In 1956, he accepted a post as Professor of Psychiatry at the University of Alberta, but he missed the UK more than he had expected and could never commit to emigrating.

At the end of 1957, he was appointed Medical Superintendent of Lancaster Moor Hospital, which at that time had 2800 in-patients, mostly in locked wards, and with sorely inadequate numbers of staff. He embarked on a programme of modernisation, in tune with the government's plan to treat mental illness primarily in the community. He also tried to implement the new idea of integrating psychiatric services with acute general services on a single site. At Lancaster Moor, the emptying wards and underused facilities presented an opportunity for this. They provided space for acute medicine, neurosurgery, orthopaedics and ophthalmology as well as child psychiatry, but there was always some stigma that these services were at the ‘county asylum’. In the 1960s, the model of a purpose-built district general hospital, incorporating psychiatric services, was widely promoted, but such radical change attracted its own local opposition. Stanley had quickly realised that improved quality of care depended as much on medical politics as clinical expertise, so he developed his skills as an administrator. He served on the Manchester Hospital Board from 1959 to 1974, including 9 years as chairman of the Statutory Nursing Committee. From 1974 until 1986 he was first vice-chairman and then chairman of Lancaster Area Health Authority, overseeing considerable improvements in the facilities for midwifery, surgery, diagnostic radiology and geriatrics, yet all the time balancing the demands of the acute and chronic services. With his particular experience of psychiatry, he well understood the need to establish good community services before in-patients could be discharged.

With such a workload, it is surprising that he could make time for other things. In 1966, he was part of a World Health Organization teaching group based in Hyderabad, India. Then he served on the Butler Committee, gaining much knowledge about the more liberal Scandinavian approach to the treatment of mentally ill offenders, and he spent 2 years on the Parole Board. In 1983 he went to South Australia as part of a small group looking at the Australian mental health services. His wife joined him in Adelaide for some of his time there, and he always remembered those months with great affection.

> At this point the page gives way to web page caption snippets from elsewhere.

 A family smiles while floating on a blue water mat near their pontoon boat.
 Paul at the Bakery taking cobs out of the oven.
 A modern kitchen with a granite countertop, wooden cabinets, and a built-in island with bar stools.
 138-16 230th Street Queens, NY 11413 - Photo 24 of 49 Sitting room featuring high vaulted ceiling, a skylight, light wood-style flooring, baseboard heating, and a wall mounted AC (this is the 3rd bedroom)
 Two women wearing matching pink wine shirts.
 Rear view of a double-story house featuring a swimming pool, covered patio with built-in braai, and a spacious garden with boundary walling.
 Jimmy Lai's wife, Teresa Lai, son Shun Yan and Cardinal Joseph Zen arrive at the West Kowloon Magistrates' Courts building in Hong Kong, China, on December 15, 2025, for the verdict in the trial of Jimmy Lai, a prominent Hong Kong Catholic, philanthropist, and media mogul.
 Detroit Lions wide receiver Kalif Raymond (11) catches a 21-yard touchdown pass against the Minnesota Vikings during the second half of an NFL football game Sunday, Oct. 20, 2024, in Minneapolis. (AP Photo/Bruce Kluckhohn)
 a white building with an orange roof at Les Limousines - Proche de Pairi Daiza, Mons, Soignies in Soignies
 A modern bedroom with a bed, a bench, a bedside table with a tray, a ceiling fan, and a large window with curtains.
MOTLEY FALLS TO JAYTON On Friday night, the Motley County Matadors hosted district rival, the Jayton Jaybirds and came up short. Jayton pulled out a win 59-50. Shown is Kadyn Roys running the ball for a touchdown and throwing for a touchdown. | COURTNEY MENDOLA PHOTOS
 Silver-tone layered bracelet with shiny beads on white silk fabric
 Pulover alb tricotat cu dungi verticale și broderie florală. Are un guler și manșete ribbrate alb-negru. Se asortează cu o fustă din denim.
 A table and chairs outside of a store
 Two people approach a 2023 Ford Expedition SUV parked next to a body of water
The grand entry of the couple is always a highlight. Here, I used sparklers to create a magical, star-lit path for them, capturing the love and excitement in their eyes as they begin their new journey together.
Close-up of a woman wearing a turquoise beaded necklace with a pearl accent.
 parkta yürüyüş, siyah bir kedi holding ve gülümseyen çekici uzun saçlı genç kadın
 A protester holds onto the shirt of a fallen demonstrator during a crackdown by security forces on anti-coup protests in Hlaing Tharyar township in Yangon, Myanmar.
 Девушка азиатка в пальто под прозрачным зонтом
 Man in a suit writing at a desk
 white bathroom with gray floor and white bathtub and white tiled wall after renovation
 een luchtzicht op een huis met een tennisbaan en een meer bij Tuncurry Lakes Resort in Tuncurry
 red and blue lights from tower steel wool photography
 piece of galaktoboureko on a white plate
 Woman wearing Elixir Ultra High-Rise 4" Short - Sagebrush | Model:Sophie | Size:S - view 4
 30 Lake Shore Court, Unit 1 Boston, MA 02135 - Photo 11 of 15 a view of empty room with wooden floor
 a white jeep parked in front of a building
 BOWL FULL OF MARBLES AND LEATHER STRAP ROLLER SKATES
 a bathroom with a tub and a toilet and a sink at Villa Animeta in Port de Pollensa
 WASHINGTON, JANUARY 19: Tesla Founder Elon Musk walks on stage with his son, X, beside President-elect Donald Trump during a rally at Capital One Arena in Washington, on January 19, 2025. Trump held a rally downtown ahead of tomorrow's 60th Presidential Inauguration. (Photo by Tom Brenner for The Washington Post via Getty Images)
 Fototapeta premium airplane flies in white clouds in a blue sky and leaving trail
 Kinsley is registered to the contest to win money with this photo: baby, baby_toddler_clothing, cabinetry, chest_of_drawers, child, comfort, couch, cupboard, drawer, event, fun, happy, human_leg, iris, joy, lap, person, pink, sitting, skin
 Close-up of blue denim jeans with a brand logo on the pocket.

Stanley enjoyed his work and retirement was not a concept that he embraced, particularly after he was widowed. He moved to London to be nearer his daughter, where he pursued his interests in history, law, politics and sport, and enjoyed the company of family and friends. This included the occasional pub crawl with his medical student granddaughter and sharing a fish and chip supper with his grandson. He died in his own home on 16 January 2010 at the age of 91 and is survived by his sons, Jeremy and Christopher, and his daughter, Judith.